Supón que un hombre gobierna de manera óptima su nave, pero se ha olvidado de la meta hacia la que se dirige. Aquí lo tenemos: sabe dirigir de modo experto el timón, sabe moverlo de manera óptima, sabe embestir de proa a las olas, sabe protegerse para que éstas no le embistan por los costados; está dotado de tanta fuerza que puede hacer virar la nave hacia donde quiere y desde donde quiere, pero ¿de qué le vale todo esto si cuando le preguntan a dónde va contesta que no lo sabe; o bien, aunque no diga que no lo sabe, sino que va a tal puerto, no se dirige en absoluto hacia ese puerto, sino hacia los escollos?

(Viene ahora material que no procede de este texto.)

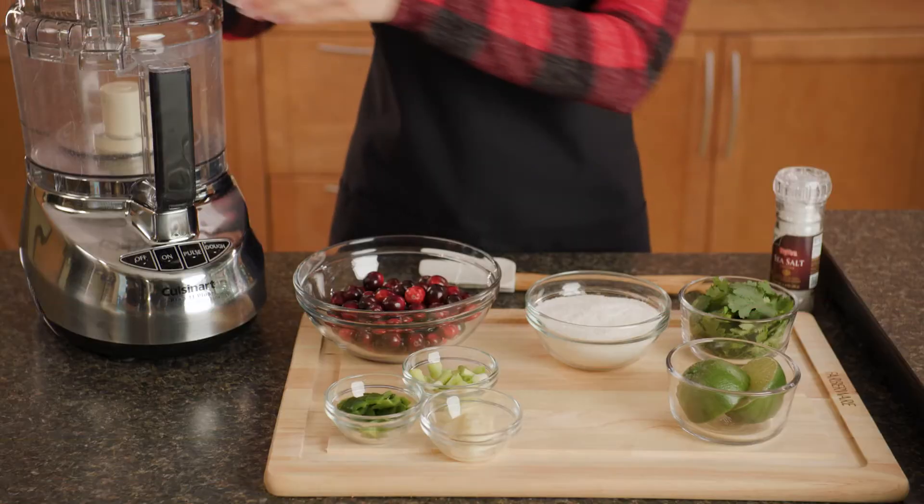Not only does this dish taste great, it's filled with fiber, protein, and antioxidants. So let's dive in.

Ésta es también la condición de quien corre de manera óptima pero fuera del camino. ¿No habría sido mejor y menos peligroso que ese timonel hubiera sido bastante menos capaz, de modo que llevara el timón con trabajo y dificultad, pero mantuviera, sin embargo, el rombo justo y debido; y, por otra parte, que ese otro hubiera sido tal vez incluso más perezoso y más lento, pero, sin embargo, hubiera marchado por el camino, antes que correr velozmente fuera del mismo? Es óptimo, por tanto, aquel que mantiene el camino y lo sigue expedito; y siempre se puede esperar también a quien, cojeando un poco, no se sale del camino totalmente, no se detiene, sino que progresa, aunque sea poco a poco. Cabe esperar, en efecto, que este último llegará, quizás más tarde, a su meta (Agustín de Hipona).


ACTIO

Repite con frecuencia y vive hoy la Palabra:

«Sólo tú eres santo» (Ap 15,4).


PARA LA LECTURA ESPIRITUAL

Siguiendo la misma lógica de su propósito de historiador, Lucas dirige más su atención a los efectos exteriores y visibles de la acción del Espíritu que a la transformación interior por la que se interesa el teólogo Pablo. Este último permanece en la línea dominante de la Biblia, en la que el Espíritu se manifiesta sobre todo como Espíritu profético, que impulsa a hablar y da fuerza al testimonio de aquel a quien inspira. Lucas prefiere ver en el Espíritu el principio del dinamismo que asegura la difusión del mensaje evangélico y la expansión de la Iglesia. La fe que lleva al bautismo y procura la remisión de los pecados es un preliminar para la acogida de esta fuerza que impulsa al cristiano y a la Iglesia hacia el exterior. A buen seguro, no sin proporcionar un fortalecimiento interior; aunque no es éste el aspecto que interesa a Lucas: el tercer evangelista no piensa nunca, por ejemplo, en considerar el don del Espíritu como un anticipo de la vida eterna.

El Espíritu aparece, pues, en Lucas menos como una realidad constitutiva de la Iglesia que como la fuerza motriz de su crecimiento. No es la pneumatología de Lucas la que nos proporcionará la clave de su eclesiología (J. Dupont).